I stifle a gasp. I had been hoping when those other women at the school were hinting that Nina was crazy, she was just suburban crazy. Like that she saw a therapist and popped a few sedatives every now and then. But it sounds like Nina is a level above that. If these gossipy shrews are to be believed, she’s been in a psychiatric institution. She has a serious illness.
I feel a jab of guilt for getting so frustrated with her when she tells me the wrong information or her mood changes on a dime. It isn’t her fault. Nina has serious issues going on. Everything makes a little more sense now.
“I’ll tell you one thing.” Patrice drops her voice several notches. She’s doing it so I can’t hear, which means she has no idea how loud she is. “If I were Nina, the last thing I would do would be to hire a pretty, young maid to live in my house. She must be out of her mind with jealousy.”
I look away, trying not to let on that I can hear every word she says. I have done everything I can to keep Nina from feeling jealous. I don’t want her to get even the slightest idea that I am interested in her husband. I don’t want her to know that I think he’s attractive or for her to think that there’s any chance something could happen between the two of us.
I mean, yes, if Andrew were single, I’d be interested. But he’s not. I’m staying far away from that man. Nina has nothing to worry about.
SEVENTEEN
Today Andrew and Nina have an appointment with that fertility specialist.
They’ve both been nervous and excited about the appointment all week. I heard snatches of their conversation during dinner. Apparently, Nina got a bunch of fertility tests and they’re going to be discussing the results today. Nina thinks they’re going to be doing IVF, which is expensive, but they’ve got money to burn.
As much as Nina gets on my nerves sometimes, it’s sweet how the two of them are planning for the new baby. Yesterday, they were talking about how they were going to turn the guestroom into a nursery. I’m not sure who is more excited—Nina or Andrew. For their sakes, I hope they get pregnant soon.
While they’re at the appointment, I’m supposed to be watching Cecelia. Watching a nine-year-old girl shouldn’t be difficult. But Cecelia seems determined to make it so. After a friend’s mother dropped her off after God knows what lesson she had today (karate, ballet, piano, soccer, gymnastics—I’ve completely lost track), she kicks one of her shoes off in one direction, the second in another, and then throws her backpack in yet a third direction. Luckily, it’s too warm for a coat, or else she would have to find a fourth place to abandon her coat.
“Cecelia,” I say patiently. “Can you please put your shoes in the shoe rack?”
“Later,” she says absently, as she plops down on the sofa, smoothing out the fabric of her pale yellow dress. She grabs the remote and flicks on the television to an obnoxiously loud cartoon. An orange and a pear appear to be arguing on the screen. “I’m hungry.”
I take a deep, calming breath. “What would you like to eat?”
I assume she’s going to come up with something ridiculous that I need to make her, just to get me to sweat. So I’m surprised when she says, “How about a bologna sandwich?”
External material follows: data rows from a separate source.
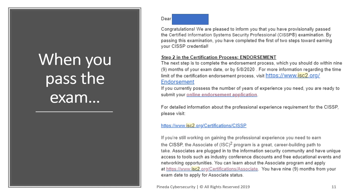When I took the exam, the exam room was very full. I was able to maximize the entire three hours — there's a countdown on the monitor. I reached the 150th question, clicked submit, and was asked to leave the room. At the receptionist, they handed me a piece of paper in a brown envelope. I opened it and found out that I passed. When you pass the exam, you won't be able to see your score — it will only tell you if you passed or failed. You will also receive a confirmation email.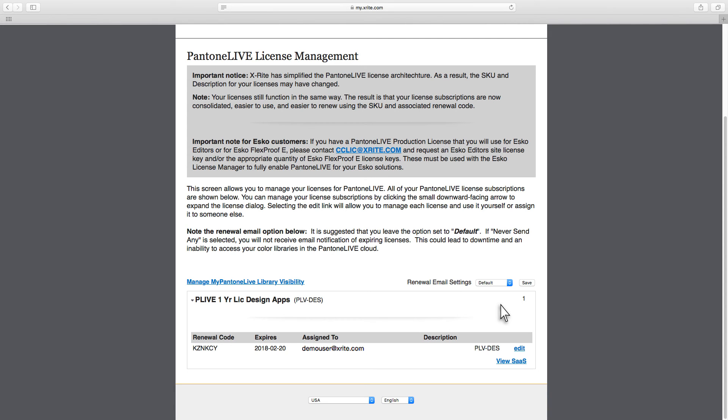If you assigned a license or transferred the ownership to someone else, they will receive an email and they will also need to create a MyXRite account if they do not have one. This license will automatically be picked up by your software after providing your connection details.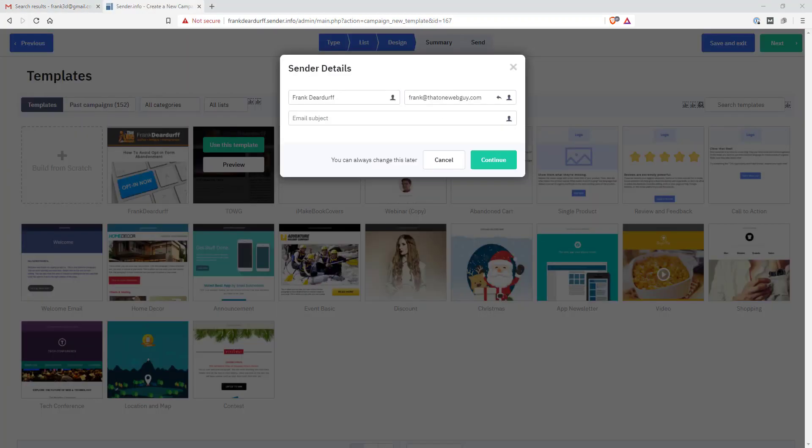So I'm going to look into my autoresponder service that I have up here on my screen. And I'm going to show you—you can see on the screen that I have my email subject. So maybe I want to put something like 'How did he do it?' Well, that's pretty plain, as you can see.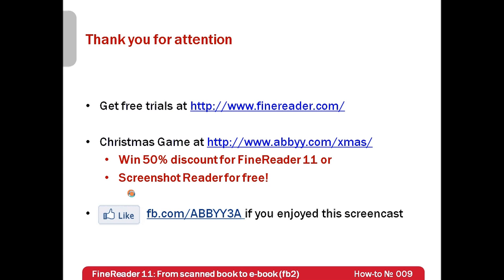Find all FineReader boxes around the Christmas tree and win 50% discount for FineReader 11 or Screenshot Reader for free. Thank you very much for your attention. And if you have enjoyed this screencast please like our Facebook page which is available at facebook.com/ABBYY3A.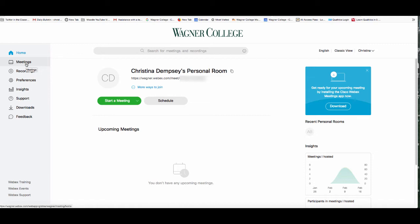You can start a meeting in your personal room by clicking on the green button, but before we do that, if you wanted to send out your link before you start the meeting, you can simply go to the meeting link here, click on copy, and then paste that into any form of communication you have with your co-workers — email, text, or any type of chat — and that will get them to your personal room so they can join.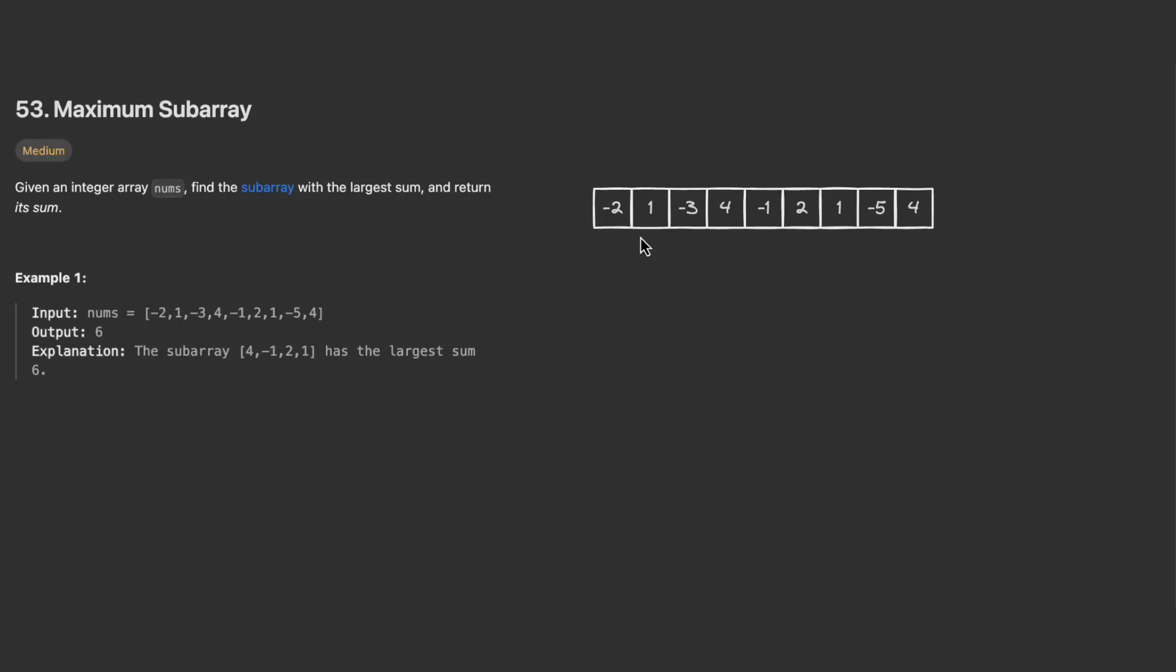Hello guys and welcome back to a new video. Today let's solve the maximum subarray problem. Given an integer array nums, find the subarray with the largest sum and return its sum. First, a subarray should be a contiguous subarray, so all the elements need to be next to each other. For example, we cannot have elements in a detached way.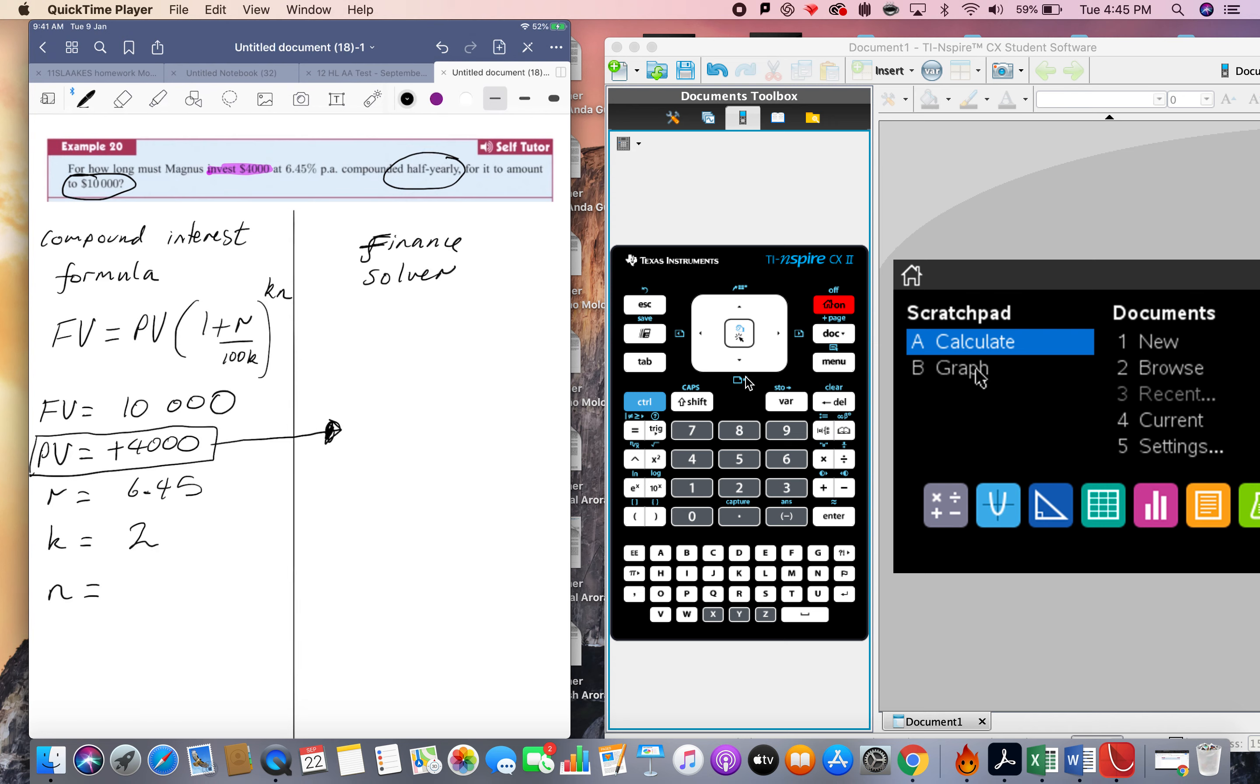So I'll keep that as 4,000 present value, and it grows to 10,000 final value. And I'm asked to find the N here, so that's the only thing missing.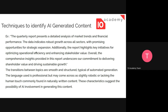Looking at the example content further: the transitions between topics are smooth and overly structured — typical of automated generation. There's essentially no natural transition. The language is consistently professional throughout — 'additionally,' 'this data indicates' — every tone is professional, making it slightly robotic and lacking the humanity commonly found in natural writing. This characteristic suggests the possibility of AI involvement in generating this content.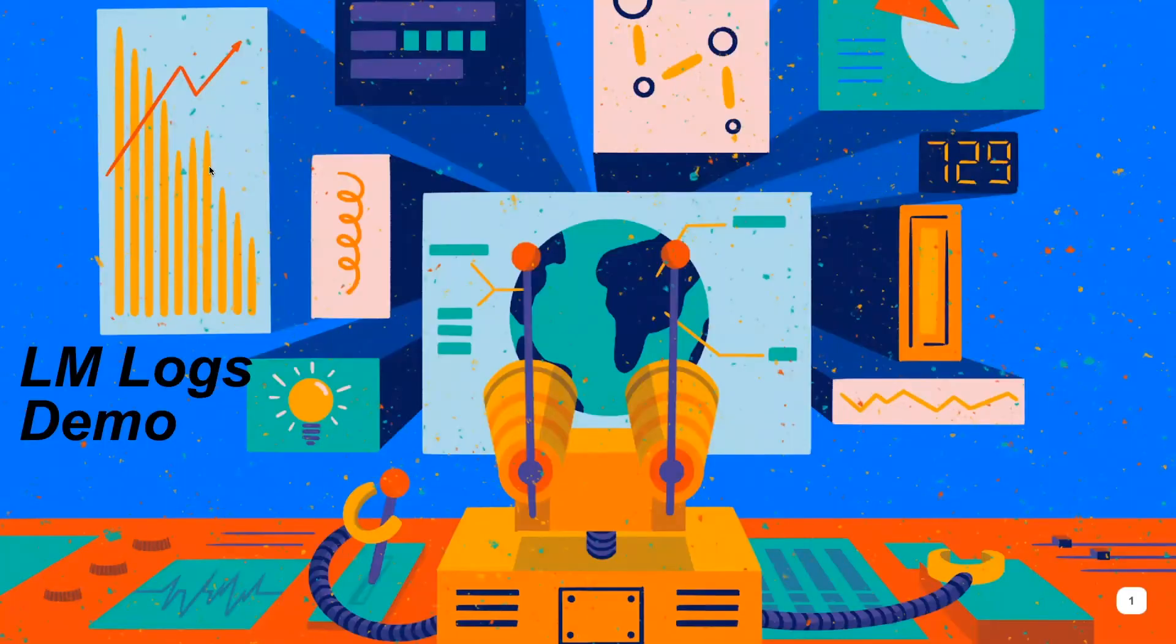Logic Monitor's LM Logs unifies proactive performance monitoring with automated anomaly detection of log data.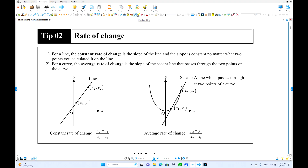This is the second video. The title is rate of change. So rate of change, we have two different rates of change. First one is for a line and the other one is for a curve. When you have a line, the rate of change — the exact name is constant rate of change.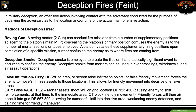An example of a false infiltration — False air assault. HLZ mortar assets shoot Willy P on grid location Delta Fox 1-2-3-4-5-6. This causes the enemy to shift reinforcements to the immediate area in order to block friendly movement. Friendly forces will then air assault into grid Delta Fox 5-6-7-8-9-0, allowing for successful infill into this decisive area. This weakens enemy defenses and gains time for friendly maneuver.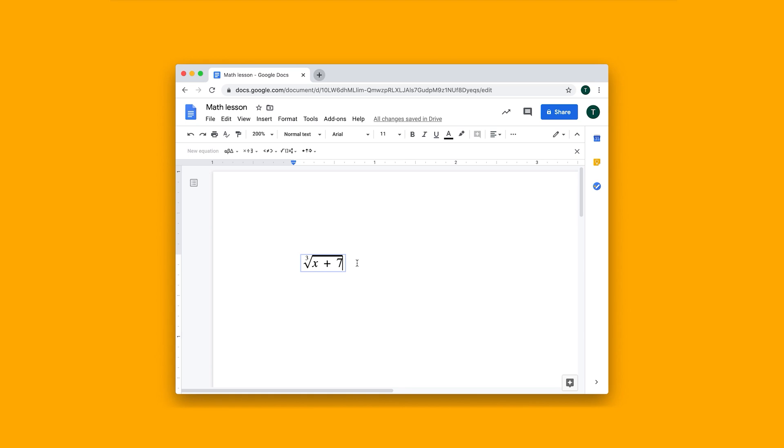If I want to get out of that, I can just click outside of it. And then I can add a new equation, something like this.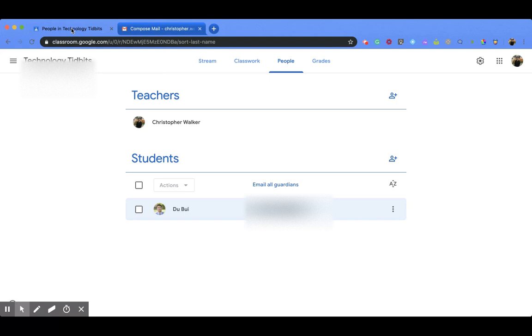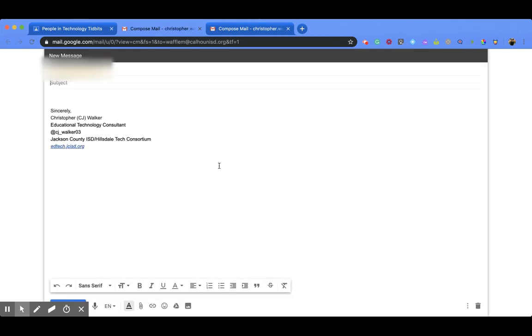Now, another option that you have, if you go back to your People page, is that you can email all the guardians at once. It's similar steps. You just click on that. It's going to bring you to a Gmail page, import all your different emails for your guardians, and then you can type out the message and send.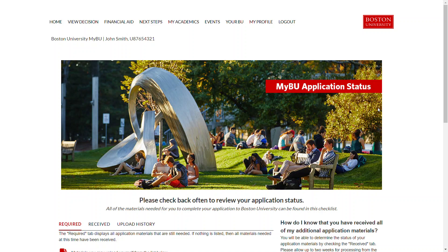Hello and congratulations on your acceptance to Boston University. If you've decided to enroll at BU and have submitted your enrollment deposit, you will have received a notification to upload your parent and student income documentation through the MyBU portal if you are receiving need-based financial assistance.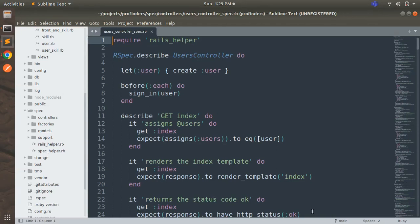Hey guys, welcome back. In the last lecture we completed the controller specs for all resource actions and custom actions for the users controller. From this lecture we will move towards learning request specs. Since RSpec version 3.5, the official recommendation of the Rails team and the RSpec core team is to write request specs instead of controller specs, because request specs allow you to focus on a single controller action but, unlike controller tests, they involve the router, middleware stack, and both request and responses. This aids realism to the tests that you are writing.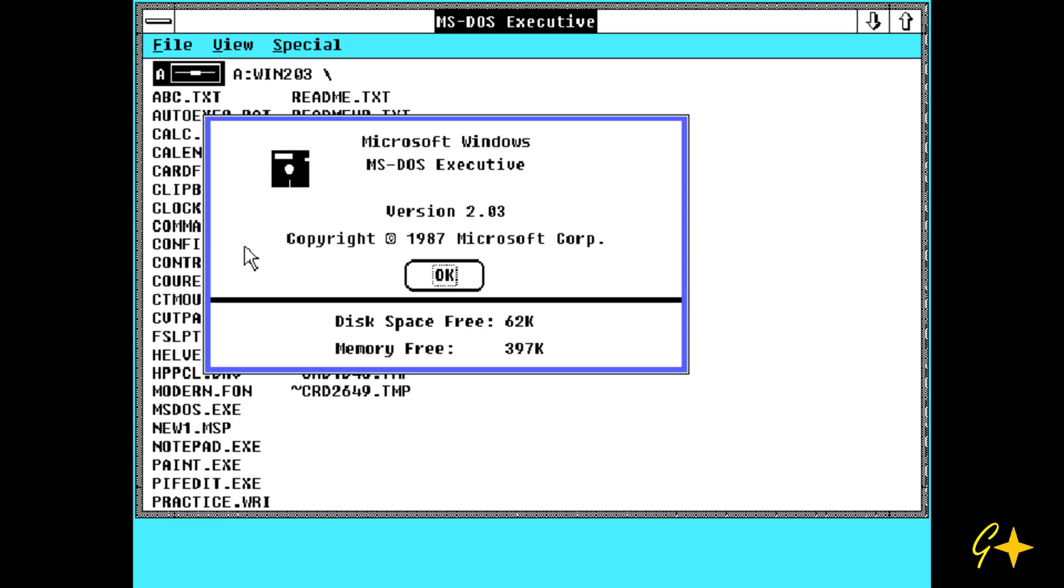I will show you the version of Windows. As you can see it's Windows version 2.03. It works fine.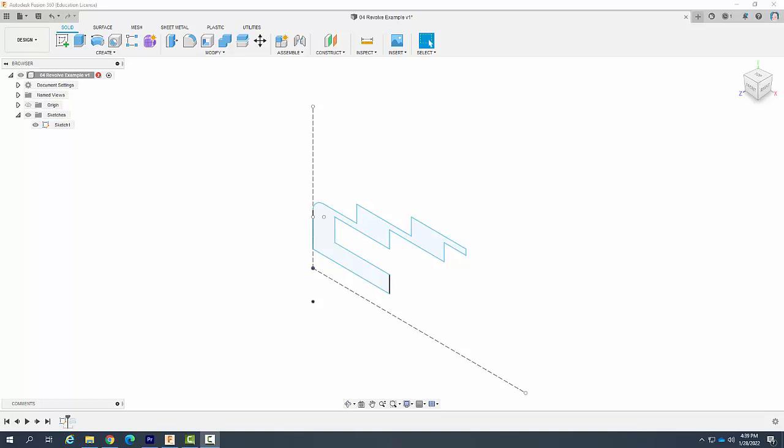Advanced Modeling 1 Revolve command. So here I have a sketch that is completed and I'm going to revolve this.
I’m so relieved by the fact that we have all the makings of a bologna sandwich in the house that I don’t even insist that she say please. If Nina wants her daughter to be a brat, that’s her prerogative. It’s not my job to discipline her.
I head to the kitchen and grab some bread and a pack of beef bologna from the overflowing fridge. I don’t know whether Cecelia likes mayonnaise on her sandwich, and furthermore, I’m sure I’ll put too much or too little on it. So I decide to just give her the bottle of mayonnaise and she can portion it out herself to the exact perfect amount. Ha, I’ve outsmarted you, Cecelia!
I return to the living room and place the sandwich and mayonnaise on the coffee table for Cecelia. She looks down at the sandwich, crinkling her brow. She picks it up tentatively and then her face fills with disgust.
“Ew!” she cries. “I don’t want that.”
I swear to God, I’m going to strangle this girl with my bare hands. “You said you wanted a bologna sandwich. I made you a bologna sandwich.”
“I didn’t say I wanted a bologna sandwich,” she whines. “I said I wanted an abalone sandwich!”
I stare at her, open-mouthed. “An abalone sandwich? What is that?”
Cecelia grunts in frustration and throws the sandwich on the ground. The bread and meat separate, landing in three separate piles on the carpet. The only positive is that I didn’t use any mayonnaise, so at least I don’t have to clean up mayonnaise.